200 Asylanten aus Afrika im Hungerstreik wegen Abschiebung

Das bayerische Erstaufnahmezentrum im rund 36.000 Einwohner zählenden Deggendorf hat mit massiven Problemen zu kämpfen. Die zu Jahresbeginn 2015 geöffnete Erstaufnahmeeinrichtung wurde im Juli 2017 in ein Transitzentrum umgewandelt. Nun kommt es dort zu massiven Ausschreitungen, Hungerstreikszenarien und Demonstrationen von Asylwerbern gegen geplante Abschiebungen.

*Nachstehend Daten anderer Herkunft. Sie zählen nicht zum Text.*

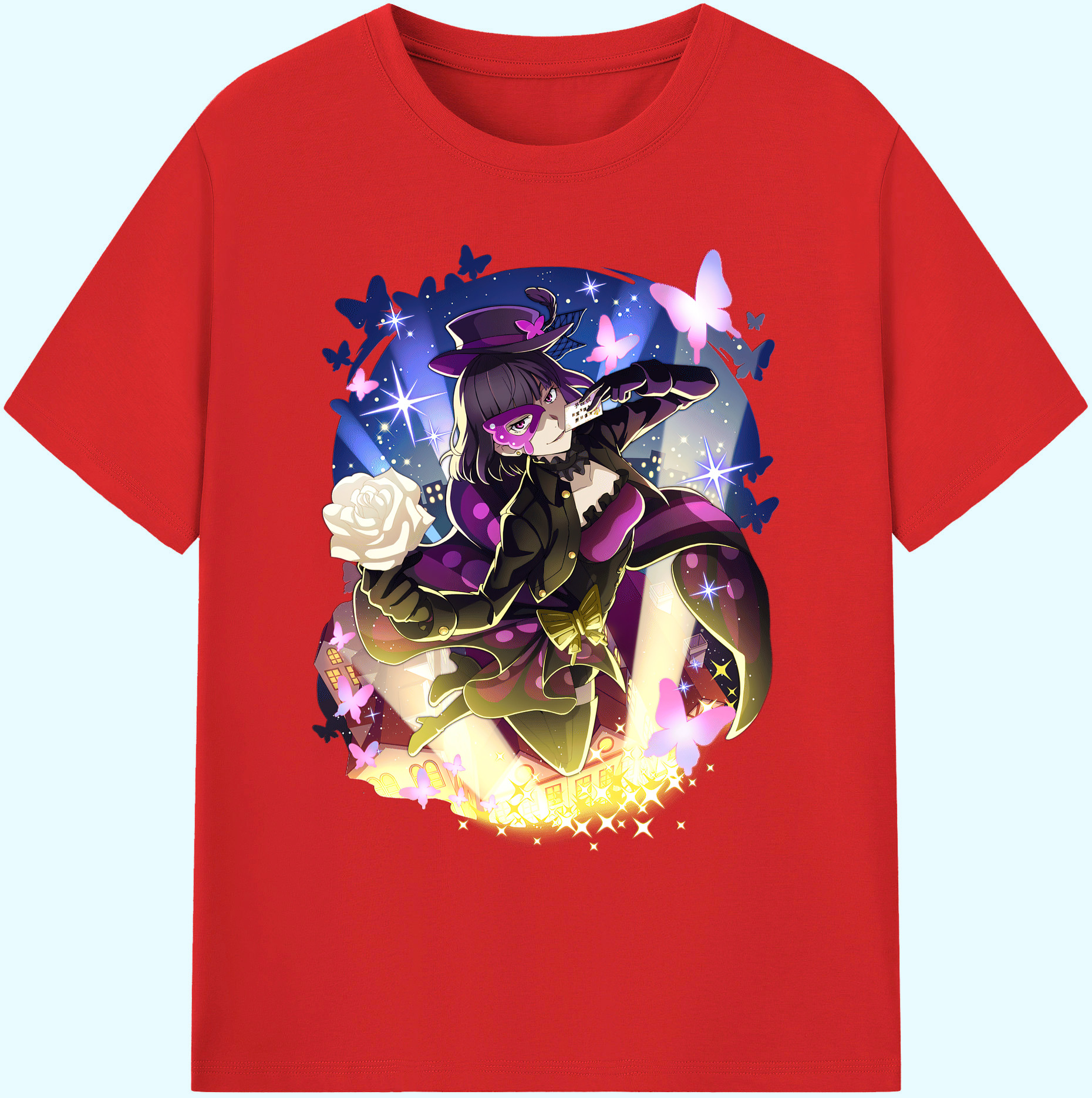 （画像用） 文豪ストレイドッグス Bungo Stray Dogs 綿100％ メンズ半袖Tシャツ｜肌触りやわらか＆通気性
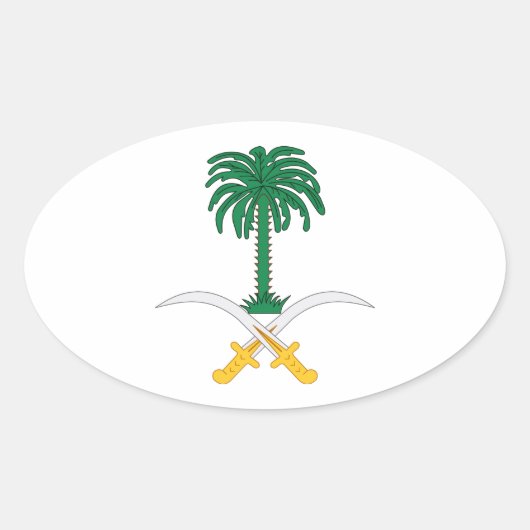 Saudi-Arabië wapenstilstand Ovale Sticker (Voorkant)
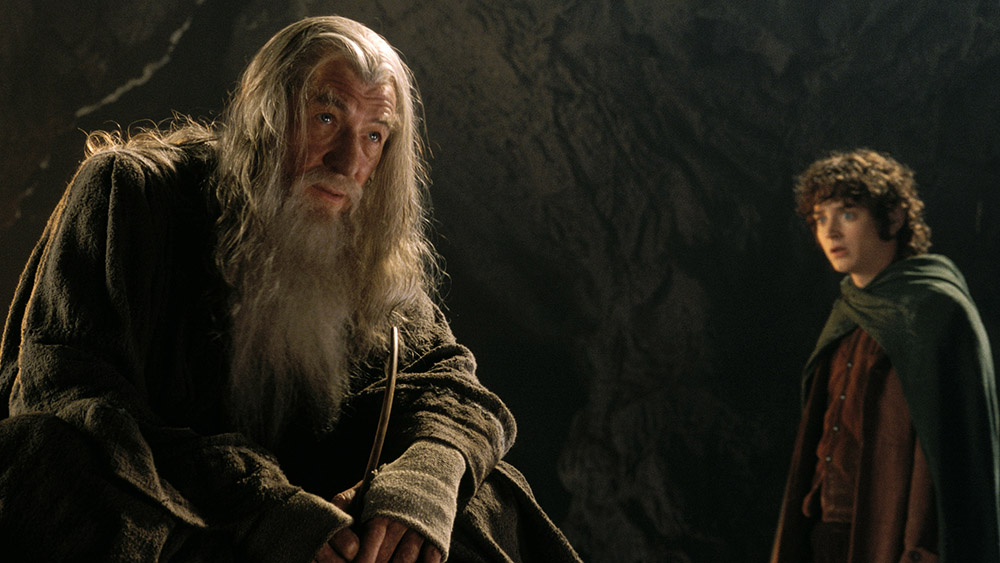 THE LORD OF THE RINGS: FELLOWSHIP OF THE RING, Ian McKellen, Elijah Wood, 2001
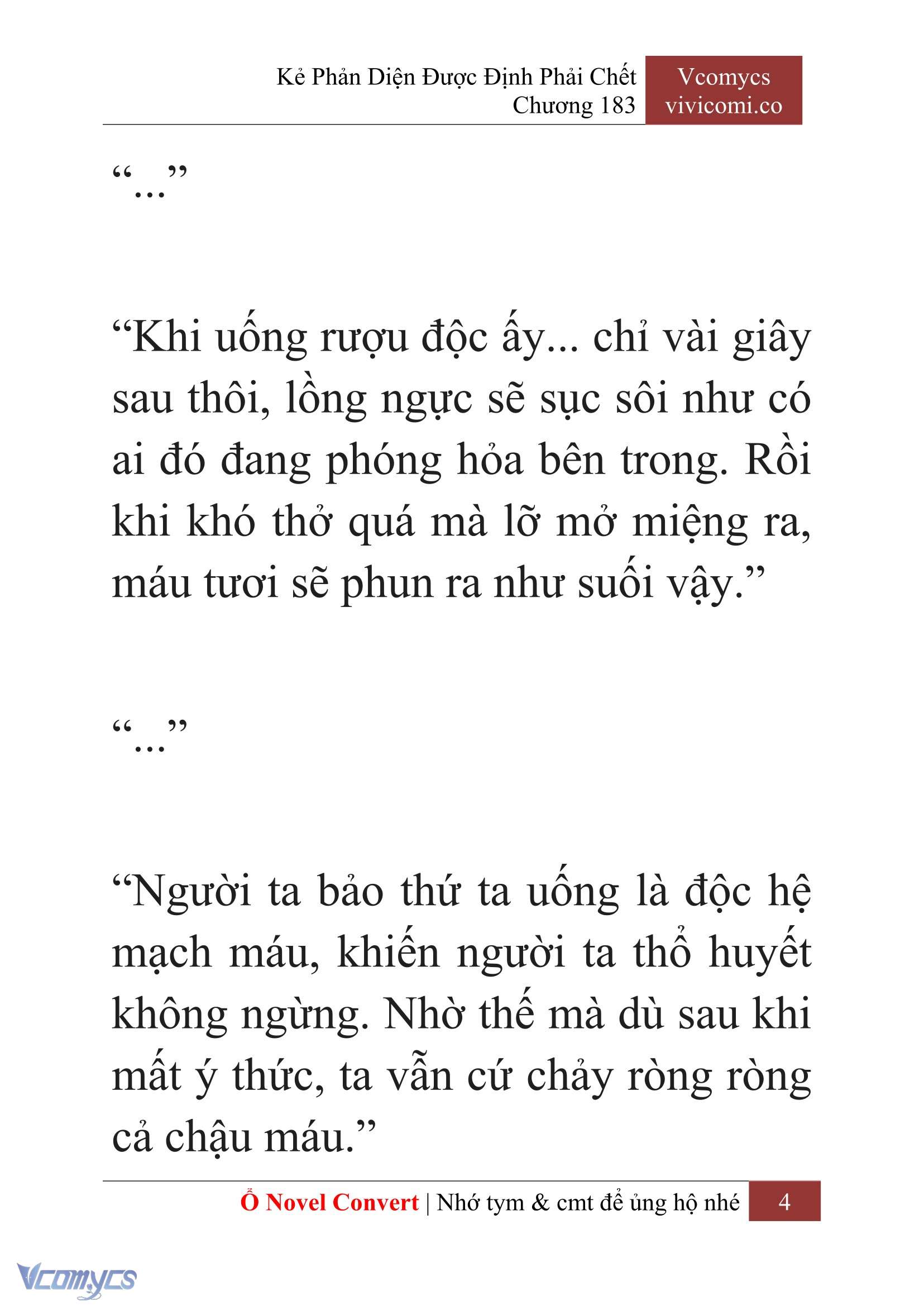[Novel] Kẻ Phản Diện Được Định Phải Chết Chap 183 - Trang 2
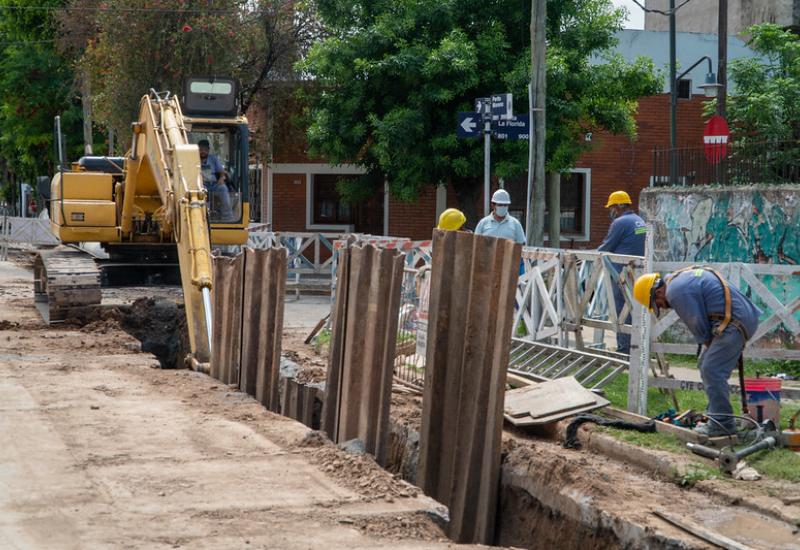 OBRAS PARA MEJORAR LA PROVISIÓN DE AGUA POTABLE en villa adelina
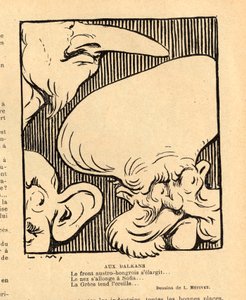 Le Rire rouge, Satírico en N&B de Lucien Metivet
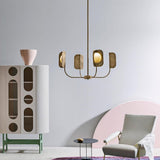 Modern Iron Leaf Chandelier Hand Forged Nature Inspired Gasolier Pendant Light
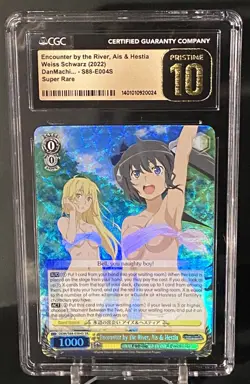 Weiss Schwarz Encounter by the River, Ais & Hestia DDM/S88-E004S CGC 10 Pristine - Image 1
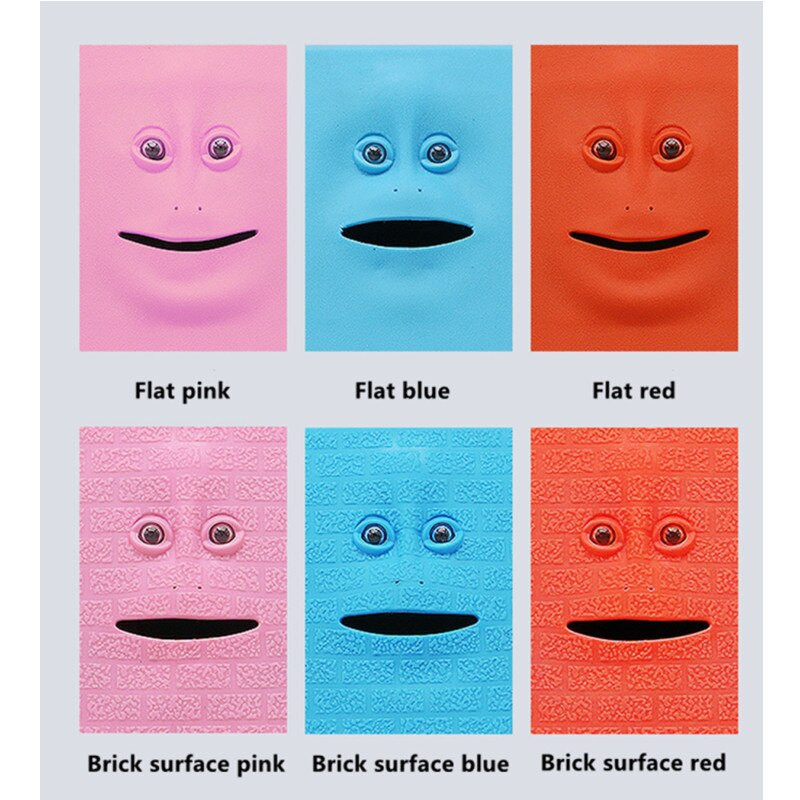 1 db 3 színű Vicces arc, pénztartó edény, pénzevés, érme bankdoboz, bolondok napi kreatív automatikus megtakarítás arcbank játék újdonság gyerekajándék SW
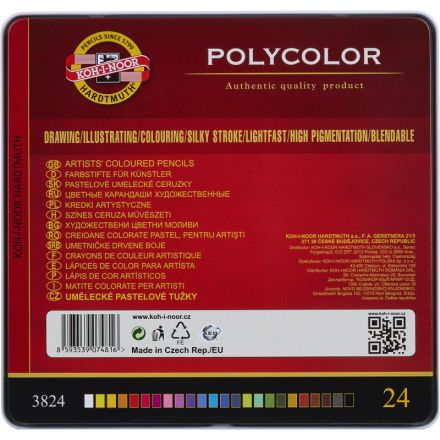 Карандаши цветные художеств. KOH-I-NOOR POLYCOLOR 24 цв/наб 3824024002PL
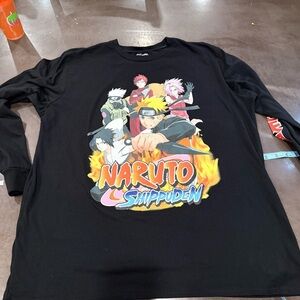 Naruto Shippuden Men's Black Long Sleeve Shirt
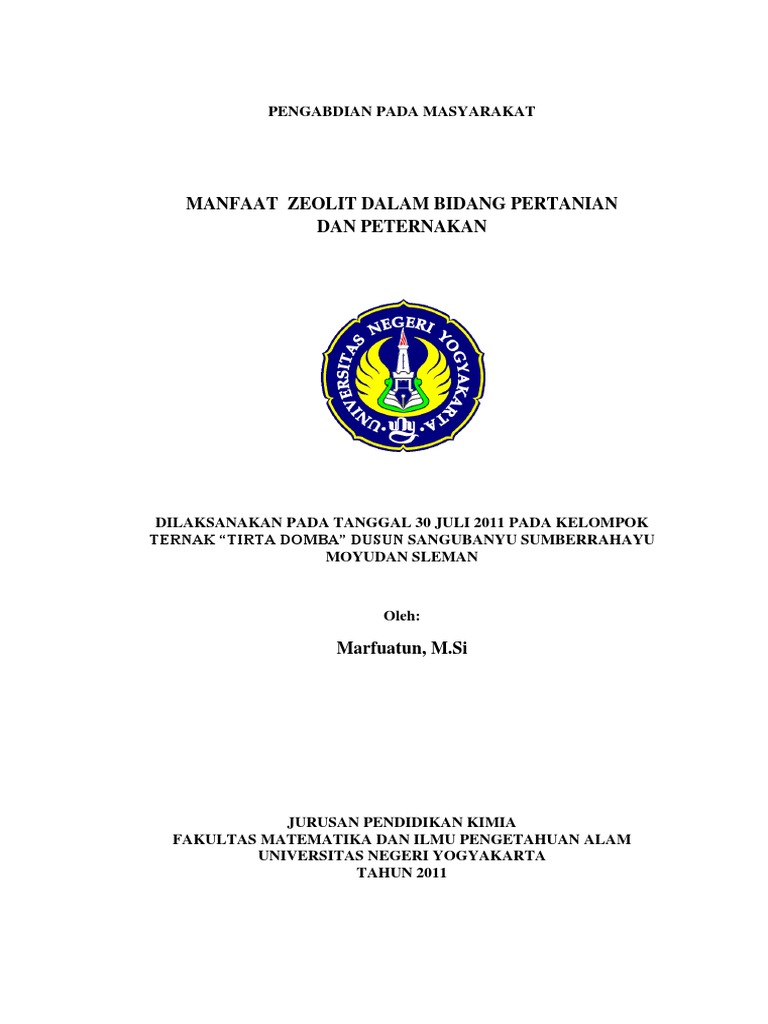 Manfaat Zeolit Dalam Bidang Peternakan Dan Pertanian Manfaat Zeolit Dalam Bidang Peternakan Dan Pertanian
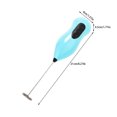 thumbnail image 2 of Wzzjkit Powerful Milk Frother Handheld Foam Maker Mini Whisk Drink Stir for Coffee Cappuccino Coffee Matcha Hot Chocolate, 2 of 5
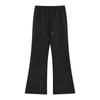 Estilo Novo Primavera e Outono 2025 Simples Drapeado Cintura Alta Emagrecedor Versátil Flare Calças Slim Fit Moda Retrô Calças Boca de Sino para Mulheres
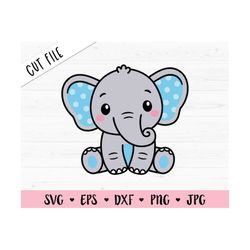baby elephant svg cute elephant boy cut file sweet elephant baby shower girl boy shirt baby bodysuit kawaii animal silho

200 Asylwerber aus Afrika im Hungerstreik

Das Deggendorfer Transitzentrum erfüllt die Aufgaben einer Erstaufnahmeeinrichtung, einer Gemeinschaftsunterkunft sowie einer Ausreiseeinrichtung. Nun befinden sich 209 Asylwerber aus Sierra Leone im Hungerstreik gegen geplante Abschiebungen einiger Bewohner. Der Flüchtlingsstatus von Bürgern aus Sierra Leone wäre ja an sich schon fragwürdig, herrscht doch in diesem westafrikanische Land seit 17 Jahren Frieden.

Als Auslöser für die Ausschreitungen, die am vergangenen Wochenende begonnen haben, gilt die versuchte Abschiebung eines Landsmannes, die allerdings am vergangenen Freitag gestoppt werden musste.

Fehlende „Spezial-Medikamente“ lassen Situation eskalieren

Stein des Anstoßes für die streikenden Asylwerber ist laut deren Angaben das Fehlen von speziellen Medikamenten, sowie mangelnde Hygiene und schlechtes Essen, abgesehen von den „inakzeptablen“ Abschiebungen von Landsleuten. Bemängelt werden weiters, dass es keine Möglichkeit zum Besuchen öffentlicher Bildungseinrichtungen und der Teilnahme am deutschen Arbeitsmarkt gibt.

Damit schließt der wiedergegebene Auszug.